5. Ankara 16. İdare Mahkemesi 21/12/2023 tarih ve E.2023/2186 sayılı kararı ile, 5326 sayılı Kanun'un 32. maddesine göre 1608 sayılı Kanun uyarınca verilen idari para cezasının 5326 sayılı Kanun’un 16. maddesinde belirtilen idari yaptırım türlerinden biri olduğu, 1608 sayılı Kanun’da idari para cezasına itiraz konusunda görevli mahkemenin gösterilmediği, bu durumda 5326 sayılı Kanun hükümleri dikkate alınacağından, idari para cezasına karşı açılan davanın görüm ve çözümünün, anılan Kanun'un 27/1.maddesi uyarınca adli yargı yerine ait olduğu gerekçesiyle, 2247 sayılı Uyuşmazlık Mahkemesinin Kuruluş ve İşleyişi Hakkında Kanun’un 19. maddesi uyarınca görevli yargı yerinin belirlenmesi için Uyuşmazlık Mahkemesine başvurulmasına ve davanın incelenmesinin Uyuşmazlık Mahkemesince karar verilinceye kadar ertelenmesine karar vermiştir. Kararın ilgili kısmı şöyledir :

 

"...Ankara Büyükşehir Belediye Başkanlığı Zabıta Dairesi Başkanlığı'nca 08/04/2023 tarihinde yapılan denetimde davacı şirkete ait 06 ... 7271 sayılı araçta mevzuat hükümlerine aykırı hareket edildiğinden (14/02/2013 tarih ve 2013/07 sayılı kararı ile verilen 10 yıllık sürenin 04/04/2023 tarihinde sona ermesi ve Özel Toplu Taşıma Aracı Çalıştırılmasına ilişkin UKOME kararının denetim ekibine ibraz edilememesi nedeniyle) 1608 sayılı Kanun'un 1.maddesi gereğince 5326 sayılı Kabahatler Kanunu'nun 32.maddesine istinaden 1.295,00 TL idari para cezasıyla cezalandırılmaları ve aracın 10 gün süreyle parka çekilerek faaliyetten men edilmesine ilişkin Ankara Büyükşehir Belediye Encümeni'nin 13/04/2023 tarih ve 695 sayılı kararının iptali istemiyle bakılan davanın açıldığı anlaşılmaktadır.

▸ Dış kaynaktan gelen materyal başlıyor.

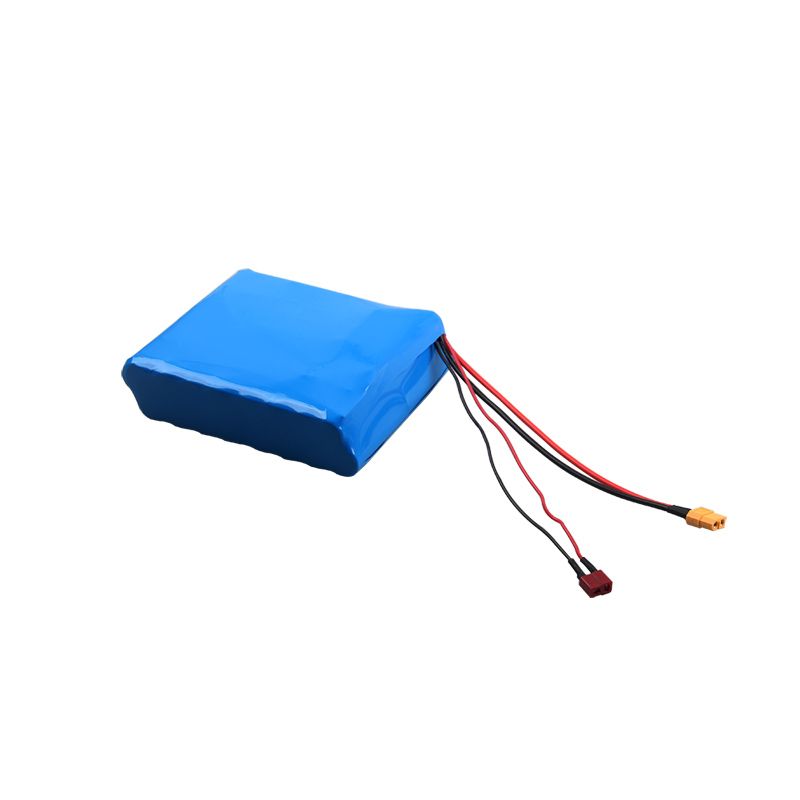 16s2p 5 8ah 60v Battery For Unicycle Diy 18650 Li Ion Battery Pack With Inr18650 29e Inside Car Battery Jump Starter Car Battery Reviews From Ecodream 130 06 Dhgate Com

Yukarıda izah edilen düzenlemelere göre; Kabahatler Kanunu’nun, idarî yaptırım kararlarına karşı kanun yoluna ilişkin hükümlerinin, diğer kanunlarda aksine hüküm bulunmaması halinde uygulanacağı; diğer kanunlarda görevli mahkemenin gösterilmesi durumunda ise uygulanmayacağı anlaşılmaktadır.

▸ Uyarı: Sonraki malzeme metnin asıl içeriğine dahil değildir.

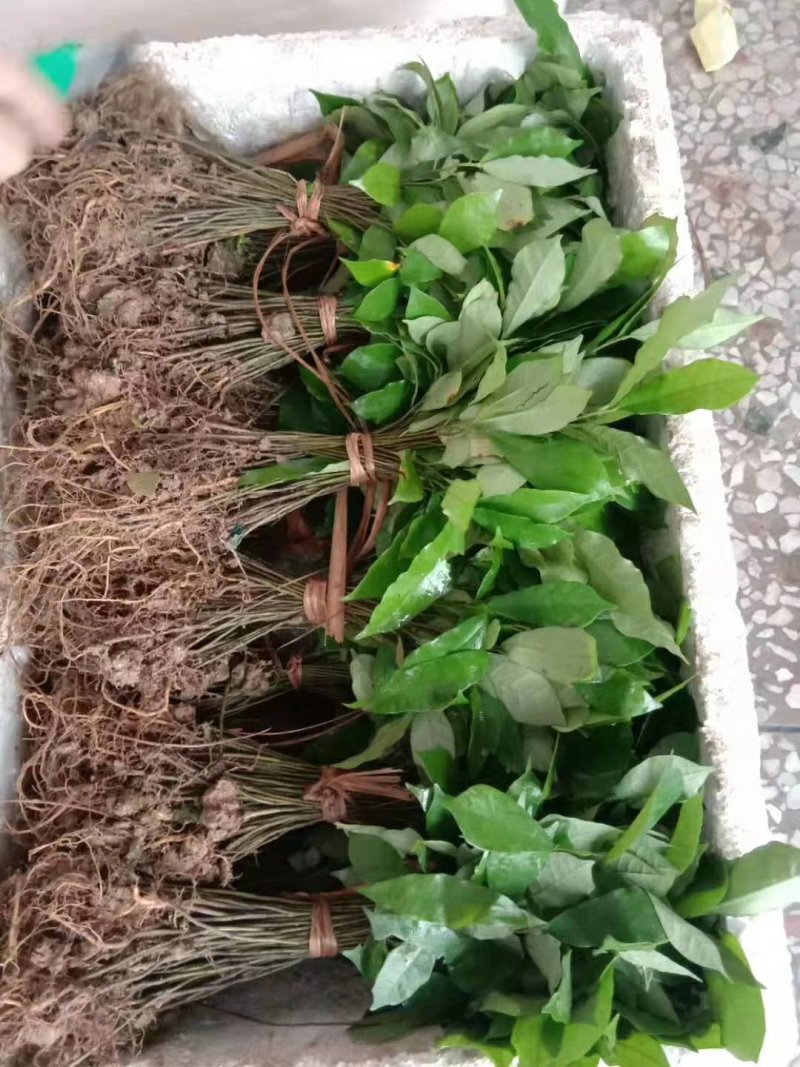 白花牛奶种苗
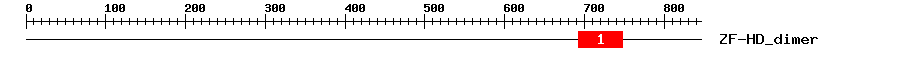 Signature Domain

Uyuşmazlıkta, 1608 sayılı Kanun’un 1. maddesi uyarınca davacının idari para cezası ile cezalandırılmasına ve aracın bu maddede öngörülen sürelere uygun olarak süresiz değil, 5326 sayılı Kabahatler Kanunu’nun 19. maddesinde belirtildiği üzere belirli bir süre içinon gün faaliyetten men edilmesine karar verildiği, kararın bu haliyle 5326 sayılı Kanun’un 16. maddesinde belirtilen idari yaptırım türlerinden olduğu, 1608 sayılı Kanun’da idari yaptırımlara karşı itiraz konusunda görevli mahkemenin gösterilmediği anlaşılmıştır.

Bu durumda, Kabahatler Kanunu’nun 5560 sayılı Kanun’la değişik 3. maddesinde bu Kanun’un, idari yaptırım kararlarına karşı kanun yoluna ilişkin hükümlerinin, diğer kanunlarda aksine hüküm bulunmaması halinde uygulanacağı belirtildiğinden, idari para cezası ile aracın on gün süre ile faaliyetten men edilmesi kararına karşı açılan davanın görüm ve çözümünde, anılan Kanun'un 27. maddesinin birinci fıkrası uyarınca adli yargı yerinin görevli olduğu sonucuna varılmıştır.

Nitekim, Uyuşmazlık Mahkemesi'nin 31/10/2022 tarih ve E:2022/408, K:2022/589 sayılı kararı da bu yöndedir.

       Öte yandan; tarafları, konusu ve sebebi aynı olan davanın ilk olarak Ankara 4. Sulh Ceza Mahkemesinde açıldığı ve adı geçen Mahkemenin20/10/2023 tarih ve D.iş: 2023/4421 sayılı kararı ile uyuşmazlığın görüm ve çözümünde idari yargının görevli olduğu gerekçesiyle davanın görev yönünden reddine karar verildiği, itiraz yoluna başvurulması üzerine Ankara 5. Sulh Ceza Hakimliği'nin 2023/12095 D.iş sayılı kararı ile itirazın reddine kesin olarak karar verildiği anlaşıldığından, görevli yargı yerinin belirlenmesi amacıyla dosyanın Uyuşmazlık Mahkemesi'ne gönderilmesi gerekmektedir.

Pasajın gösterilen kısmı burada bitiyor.